Bhagavad Gita Chapter 10, Text 21

Bg 10.21

adityanam aham visnur
jyotisam ravir amsuman
maricir marutam asmi
naksatranam aham sasi

Word for word: 
adityanam — of the Adityas; aham — I am; visnuh — the Supreme Lord; jyotisam — of all luminaries; ravih — the sun; amsu-man — radiant; maricih — Marici; marutam — of the Maruts; asmi — I am; naksatranam — of the stars; aham — I am; sasi — the moon.

Translation by His Divine Grace A. C. Bhaktivedanta Swami Srila Prabhupada:
Of the Adityas I am Visnu, of lights I am the radiant sun, of the Maruts I am Marici, and among the stars I am the moon.

Purport by His Divine Grace A. C. Bhaktivedanta Swami Srila Prabhupada:
There are twelve Adityas, of which Krishna is the principal. Among all the luminaries shining in the sky, the sun is the chief, and in the Brahma-samhita the sun is accepted as the glowing eye of the Supreme Lord. There are fifty varieties of wind blowing in space, and of these winds the controlling deity, Marici, represents Krishna.

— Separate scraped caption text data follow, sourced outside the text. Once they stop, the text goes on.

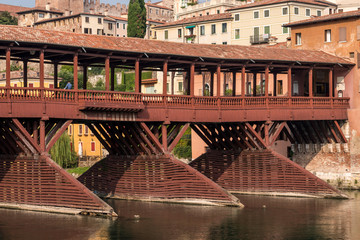Scorcio di Bassano del grappa con fiume ponte e palazzi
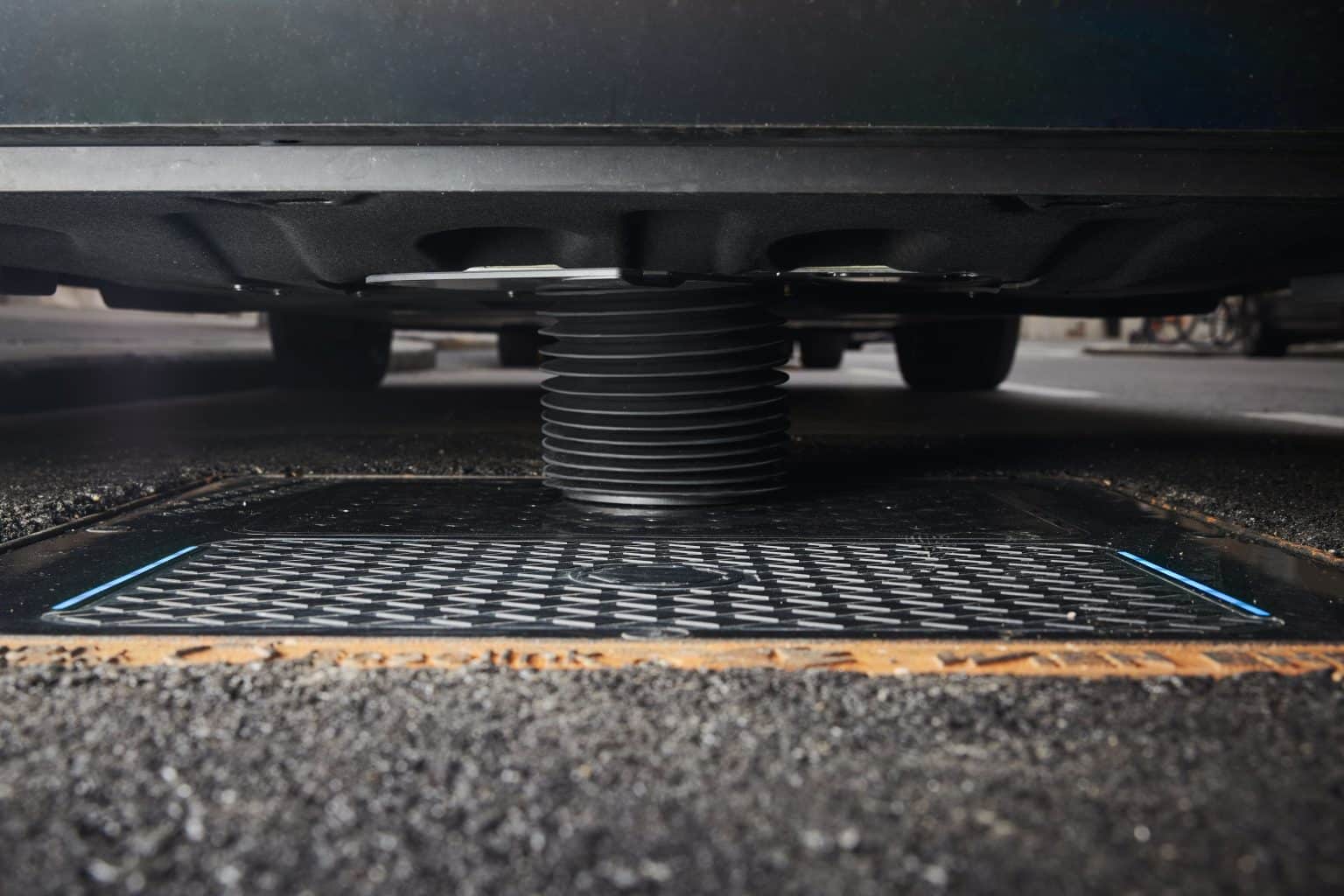 Effortless EV Charging Arrives: NXP & Easelink Unveil Docking System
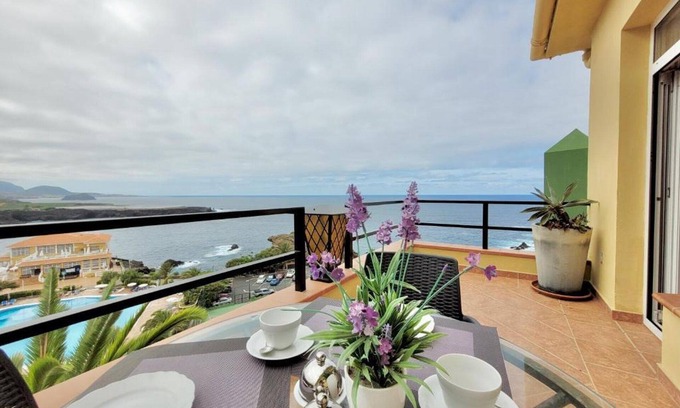 San Marcos Apartment | Ireland 1 by The Ocean Rentals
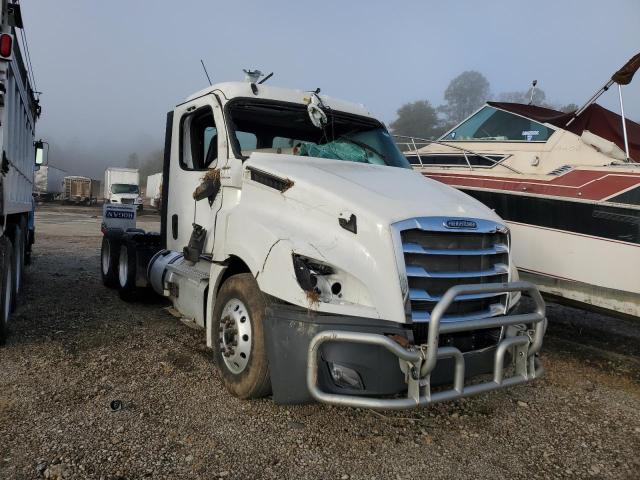 Global Auto Auctions: 2022 FREIGHTLINER CASCADIA 1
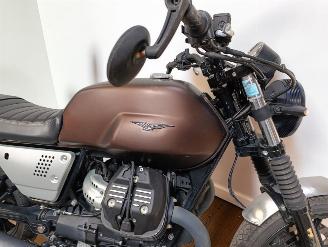 Moto Guzzi V 7 STONE picture 8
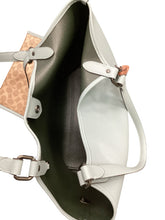 Load image into Gallery viewer, Coach taupe Purse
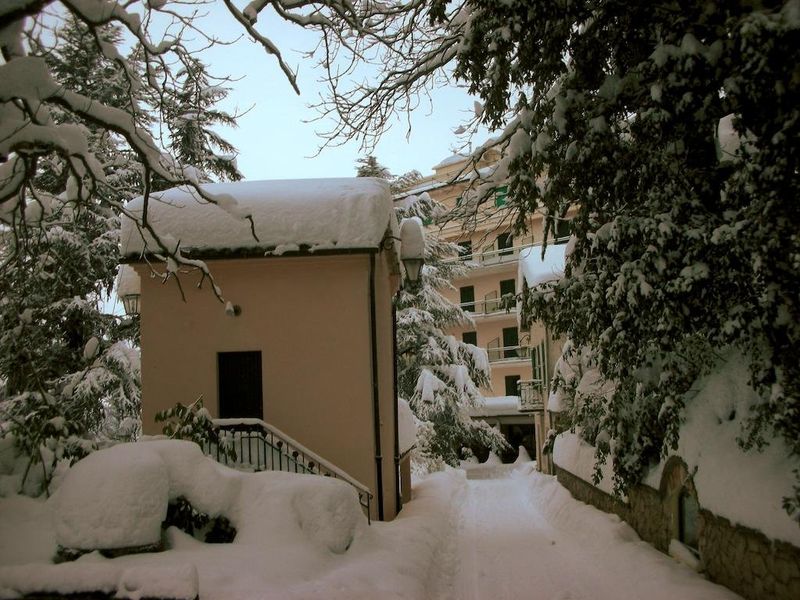 Hotel Photo 9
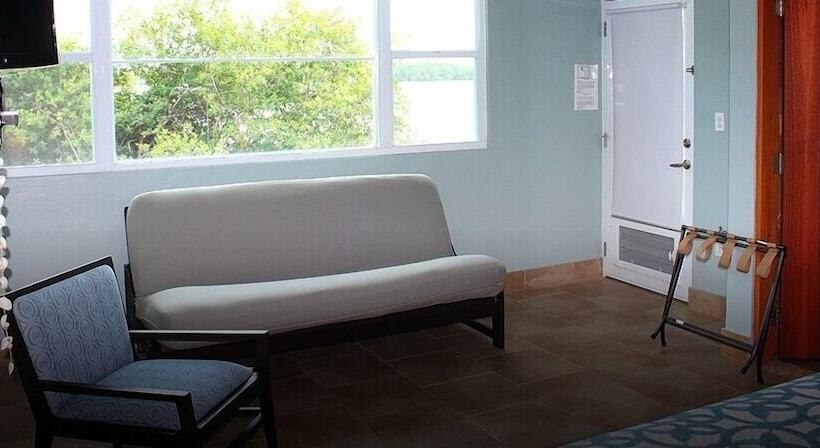 هتل Tarpon's Nest Lodge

Among the stars, the moon is the most prominent at night, and thus the moon represents Krishna. It appears from this verse that the moon is one of the stars; therefore the stars that twinkle in the sky also reflect the light of the sun. The theory that there are many suns within the universe is not accepted by Vedic literature. The sun is one, and as by the reflection of the sun the moon illuminates, so also do the stars. Since Bhagavad-gita indicates herein that the moon is one of the stars, the twinkling stars are not suns but are similar to the moon.